What’s caused a hint of concern, though, is the possibility this soon-to-be-released report isn’t the final draft, he said His organization has heard from ministry officials that another round of consultations is being considered.
“We’ve already told them what needs to be done several times,” said Johnson, suggesting further talks could lead to “consultation fatigue” among participants.
“It really is time to get on with it.” Alysson Storey, founder of the grassroots group Build the Barrier, which is lobbying for concrete median barriers along a dangerous 128-kilometre section of Highway 401 between London and Tilbury, agreed the province has had plenty of time to plan.
“We’re paying attention,” she said. “People in this region are watching.”
Still, Johnson was optimistic about the plan after meeting with the Transportation Ministry’s policy team about two weeks ago.
“We are quite happy with what we’ve heard,” he said Thursday.
Johnson said transportation advocates, along with regional municipalities, believe in using existing rail lines to their maximum capacity, integrating that with bus services and “generally making everything work together.”
According to Transport Action Canada’s latest policy briefing, the most pressing need in Southwestern Ontario is for CN to provide additional train paths to Via Rail on the main line between Burlington, London and Sarnia.
Sarnia Mayor Mike Bradley also called improved rail service crucial for Southwestern Ontario.

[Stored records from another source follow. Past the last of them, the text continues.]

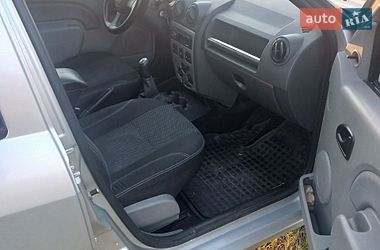 Седан Dacia Logan 2008 в Гадяче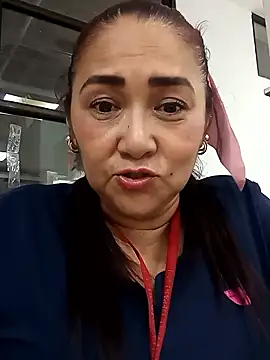 Snapshot of linda_luna29 chatting on 01.13.26 linda luna29 online show from 01.13.26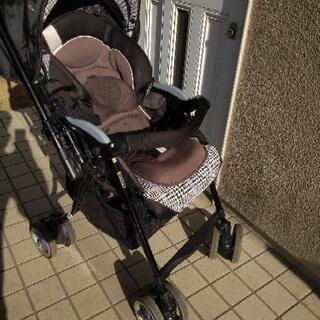 コンビ　ベビーカー　ディアクラッセ　オート4キャスの画像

“Sarnia only has one train a day now. We used to have four,” he said. “There is a need, especially in the winter months, for seniors, disabled, students, you name it, for reliable, safe transportation.”
Southwestern Ontario residents simply want to get around without any hassle, something Johnson said demands co-operation between different levels of government, service providers and others.
There is a need, especially in the winter months, for seniors, disabled, students, you name it, for reliable, safe transportation. Mike Bradley, Sarnia Mayor
“At this point, we are really pushing for the province to convene a joint powers authority, or some kind of body, for Southwestern Ontario,” he said. “Where the province, Via Rail Canada and municipal transit systems all sit at the same table and plan together services that are integrated.
“This isn’t about trains and buses, this is about people.”
Transportation Minister Caroline Mulroney wasn’t available for comment Thursday because of her appearance at a Windsor-essex Economic Development Corporation luncheon, where she reasserted the province’s commitment to a Highway 3 expansion from Essex to Leamington.
However, Bob Nichols, the ministry’s senior media liaison officer, did promise the regional transportation plan is still on track.
“As noted in the 2019 Fall Economic Statement, Ontario is advancing work on the development of a Southwestern Ontario Transportation plan to be released in fall 2019,” he said in an email.
Bradley said he’s hopeful for a comprehensive transportation report from the government that tackles some of these longtime gaps.
“The region’s been lobbying for years on upgrades for inter-city transportation,” he said. “We are having some progress on inter-city bus service. We expect that Sarnia, Strathroy and London will have a connection starting in the new year.”
Bradley said transportation whether at the local, regional or provincial level - is critical to employment and economic development.
At an event in London Thursday, Monte Mcnaughton, the province’s minister of labour, training and skills development, touched on the province’s economic outlook and fiscal review.
He confirmed plans for the region include expanding highways, including widening a 20-kilometre stretch of Highway 3 between Essex and Leamington from two to four lanes, as well as widening 31 kilometres of Highway 401 between London and Tilbury from four to six lanes.